Funds investing in businesses whose share capital is worth more than €20 million will not qualify for the stipulated benefits.
The German Venture Capital and Private Equity Association (BVK) in Berlin welcomed the changes as “an improvement” for investment funds specialising in seed financing.
However, the BVK also said the new draft was a “missed opportunity” in that it did not provide similar arrangements for the whole of German private equity. “Unfortunately the draft focuses on a relatively small part of the industry only. There is still an opportunity for the coalition government to create a stable and internationally competitive framework for the whole of the private equity industry in Germany,” the BVK said in a statement.
According to industry practitioners, the Finance Ministry’s refusal to promote German buyout funds is the result of a political compromise between the country’s two governing parties.
In late May, the Finance Ministry introduced an additional concern for the industry by announcing plans to require private equity funds based in Germany to pay value-added tax on the management fees they receive – an additional cost to domestic managers. This rule would be unique in Europe. “It is difficult to see why the Ministry of Finance would hand such a significant advantage to fund managers abroad. At the very least, we should be entitled to a level playing field,” protested the BVK in a statement on June 8.

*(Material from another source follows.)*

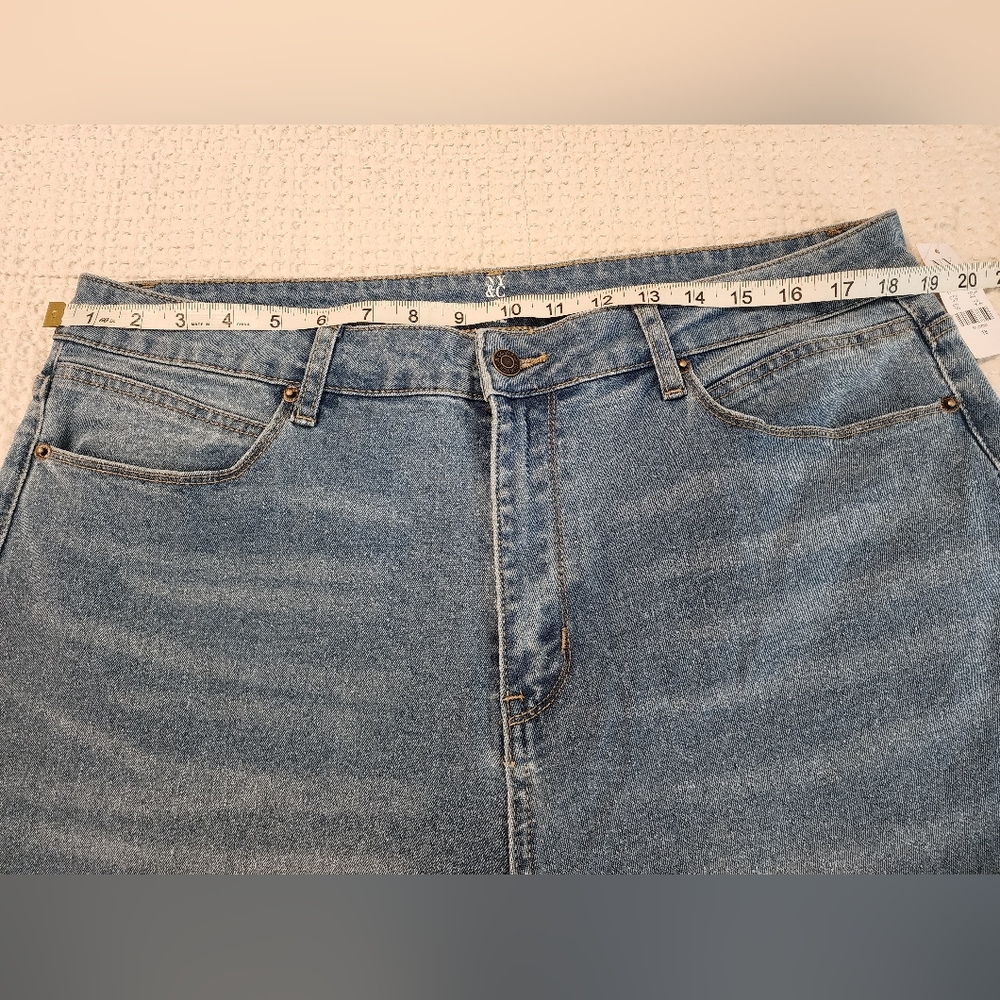 NY&Co Classic Blue Wide-Leg Women Jeans Snapaway Slit Size 18 Boho Grunge NWT - Picture 9 of 11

It is felt that the government’s position on buyout funds in Germany is in part driven by a desire to reign in LBO investment activity in Germany. However, the bulk of buyout funds consummating large investments in the country are not domiciled in Germany and hence will not be affected by any legal modifications.
Last week the BVK announced the decision of ten LBO groups to be the founding members of a large buyout lobbying group within the association. Out of the ten, Allianz Capital Partners is the only Germany-based member of the group.
Germany’s new rules on private equity are expected to become law later this year. The BVK said it would continue to lobby for amendments in favour of late-stage investment funds.